Brief descriptive captions:
BEGIN
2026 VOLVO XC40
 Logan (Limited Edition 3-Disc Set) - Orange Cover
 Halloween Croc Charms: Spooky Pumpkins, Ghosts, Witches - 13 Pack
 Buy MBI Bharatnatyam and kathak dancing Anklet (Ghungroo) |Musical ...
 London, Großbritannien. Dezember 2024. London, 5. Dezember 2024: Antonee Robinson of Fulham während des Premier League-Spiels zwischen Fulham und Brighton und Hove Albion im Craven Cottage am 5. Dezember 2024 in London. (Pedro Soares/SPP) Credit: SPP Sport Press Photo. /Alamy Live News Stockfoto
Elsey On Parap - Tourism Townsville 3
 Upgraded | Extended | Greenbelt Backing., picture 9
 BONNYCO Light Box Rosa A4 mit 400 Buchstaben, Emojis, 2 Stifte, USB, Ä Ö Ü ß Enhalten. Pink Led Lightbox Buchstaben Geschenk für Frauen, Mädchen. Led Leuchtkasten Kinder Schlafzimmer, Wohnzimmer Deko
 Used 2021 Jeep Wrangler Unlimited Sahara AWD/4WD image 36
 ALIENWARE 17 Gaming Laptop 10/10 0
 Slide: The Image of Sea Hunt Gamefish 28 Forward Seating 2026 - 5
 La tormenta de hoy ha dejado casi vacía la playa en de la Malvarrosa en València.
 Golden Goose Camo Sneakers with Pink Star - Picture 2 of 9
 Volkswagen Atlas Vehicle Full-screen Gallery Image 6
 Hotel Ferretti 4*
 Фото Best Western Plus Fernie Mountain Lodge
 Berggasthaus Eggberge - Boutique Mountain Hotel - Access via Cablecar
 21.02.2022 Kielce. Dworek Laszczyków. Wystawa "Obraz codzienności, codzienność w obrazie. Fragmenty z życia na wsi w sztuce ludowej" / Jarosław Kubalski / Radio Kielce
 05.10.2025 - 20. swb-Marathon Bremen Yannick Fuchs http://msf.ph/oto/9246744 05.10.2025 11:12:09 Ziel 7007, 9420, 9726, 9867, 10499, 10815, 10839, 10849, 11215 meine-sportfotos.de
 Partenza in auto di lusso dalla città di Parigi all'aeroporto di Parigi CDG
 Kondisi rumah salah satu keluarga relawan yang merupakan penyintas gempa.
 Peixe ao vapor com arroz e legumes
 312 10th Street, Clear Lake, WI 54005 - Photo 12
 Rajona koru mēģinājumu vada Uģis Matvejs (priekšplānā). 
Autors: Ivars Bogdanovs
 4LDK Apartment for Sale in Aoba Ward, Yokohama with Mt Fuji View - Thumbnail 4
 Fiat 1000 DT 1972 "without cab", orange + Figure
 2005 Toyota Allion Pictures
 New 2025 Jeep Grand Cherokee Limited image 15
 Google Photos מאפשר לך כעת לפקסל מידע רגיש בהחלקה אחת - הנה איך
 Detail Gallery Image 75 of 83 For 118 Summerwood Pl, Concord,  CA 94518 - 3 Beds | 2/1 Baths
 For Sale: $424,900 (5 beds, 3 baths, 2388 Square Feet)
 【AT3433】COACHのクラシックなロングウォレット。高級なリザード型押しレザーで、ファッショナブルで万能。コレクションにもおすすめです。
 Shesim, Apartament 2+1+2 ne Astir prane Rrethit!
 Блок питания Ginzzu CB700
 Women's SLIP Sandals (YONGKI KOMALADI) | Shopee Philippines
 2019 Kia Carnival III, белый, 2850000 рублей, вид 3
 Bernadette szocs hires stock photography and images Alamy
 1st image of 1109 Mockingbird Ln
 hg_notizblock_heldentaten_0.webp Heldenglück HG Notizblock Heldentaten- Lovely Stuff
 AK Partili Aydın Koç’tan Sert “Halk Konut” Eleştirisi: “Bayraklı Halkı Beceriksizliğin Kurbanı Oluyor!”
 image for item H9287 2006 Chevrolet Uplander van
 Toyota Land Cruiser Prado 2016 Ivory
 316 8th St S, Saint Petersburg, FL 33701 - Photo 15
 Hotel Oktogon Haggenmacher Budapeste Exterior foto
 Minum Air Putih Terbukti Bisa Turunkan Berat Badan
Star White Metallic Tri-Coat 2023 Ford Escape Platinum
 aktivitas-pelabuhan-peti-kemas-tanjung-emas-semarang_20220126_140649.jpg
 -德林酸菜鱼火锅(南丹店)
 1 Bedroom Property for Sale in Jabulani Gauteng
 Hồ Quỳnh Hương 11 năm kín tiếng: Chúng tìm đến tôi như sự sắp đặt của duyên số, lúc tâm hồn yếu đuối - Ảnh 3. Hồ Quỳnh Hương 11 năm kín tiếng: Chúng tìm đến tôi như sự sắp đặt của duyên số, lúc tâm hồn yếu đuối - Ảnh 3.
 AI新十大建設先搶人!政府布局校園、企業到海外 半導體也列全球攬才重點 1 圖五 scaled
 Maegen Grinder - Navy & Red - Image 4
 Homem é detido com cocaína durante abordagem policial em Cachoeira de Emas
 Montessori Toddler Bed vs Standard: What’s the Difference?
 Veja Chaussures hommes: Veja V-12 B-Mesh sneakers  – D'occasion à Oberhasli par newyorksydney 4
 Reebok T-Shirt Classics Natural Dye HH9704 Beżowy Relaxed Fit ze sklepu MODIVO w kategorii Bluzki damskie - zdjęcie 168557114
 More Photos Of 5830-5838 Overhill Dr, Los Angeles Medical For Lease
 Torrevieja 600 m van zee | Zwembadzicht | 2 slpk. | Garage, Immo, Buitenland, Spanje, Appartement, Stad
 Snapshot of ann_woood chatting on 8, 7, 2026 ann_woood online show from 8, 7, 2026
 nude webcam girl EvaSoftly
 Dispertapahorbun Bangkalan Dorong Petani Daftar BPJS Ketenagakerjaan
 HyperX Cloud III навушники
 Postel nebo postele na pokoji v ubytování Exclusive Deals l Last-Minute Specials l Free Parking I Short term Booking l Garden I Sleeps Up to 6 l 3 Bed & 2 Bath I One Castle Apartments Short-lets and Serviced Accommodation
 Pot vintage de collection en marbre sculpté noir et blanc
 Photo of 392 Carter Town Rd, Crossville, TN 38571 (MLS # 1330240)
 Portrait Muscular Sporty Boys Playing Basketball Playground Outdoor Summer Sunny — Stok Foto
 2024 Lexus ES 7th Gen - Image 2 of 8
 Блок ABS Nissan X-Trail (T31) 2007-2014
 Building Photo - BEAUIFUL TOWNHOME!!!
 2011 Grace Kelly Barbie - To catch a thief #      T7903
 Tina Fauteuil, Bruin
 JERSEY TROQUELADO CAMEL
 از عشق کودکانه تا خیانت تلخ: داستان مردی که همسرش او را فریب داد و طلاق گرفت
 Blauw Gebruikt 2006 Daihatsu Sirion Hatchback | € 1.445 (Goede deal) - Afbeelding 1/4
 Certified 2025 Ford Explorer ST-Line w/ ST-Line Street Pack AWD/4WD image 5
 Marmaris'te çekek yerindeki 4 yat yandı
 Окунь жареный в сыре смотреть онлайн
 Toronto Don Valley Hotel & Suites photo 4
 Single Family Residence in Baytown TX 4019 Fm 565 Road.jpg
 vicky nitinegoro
END
■ What to do ■
Return the lines from the line containing "Portrait Muscular Sporty" to the end of the entries above, exactly as they appear and with no other output.

■ Solution below ■
 Portrait Muscular Sporty Boys Playing Basketball Playground Outdoor Summer Sunny — Stok Foto
 2024 Lexus ES 7th Gen - Image 2 of 8
 Блок ABS Nissan X-Trail (T31) 2007-2014
 Building Photo - BEAUIFUL TOWNHOME!!!
 2011 Grace Kelly Barbie - To catch a thief #      T7903
 Tina Fauteuil, Bruin
 JERSEY TROQUELADO CAMEL
 از عشق کودکانه تا خیانت تلخ: داستان مردی که همسرش او را فریب داد و طلاق گرفت
 Blauw Gebruikt 2006 Daihatsu Sirion Hatchback | € 1.445 (Goede deal) - Afbeelding 1/4
 Certified 2025 Ford Explorer ST-Line w/ ST-Line Street Pack AWD/4WD image 5
 Marmaris'te çekek yerindeki 4 yat yandı
 Окунь жареный в сыре смотреть онлайн
 Toronto Don Valley Hotel & Suites photo 4
 Single Family Residence in Baytown TX 4019 Fm 565 Road.jpg
 vicky nitinegoro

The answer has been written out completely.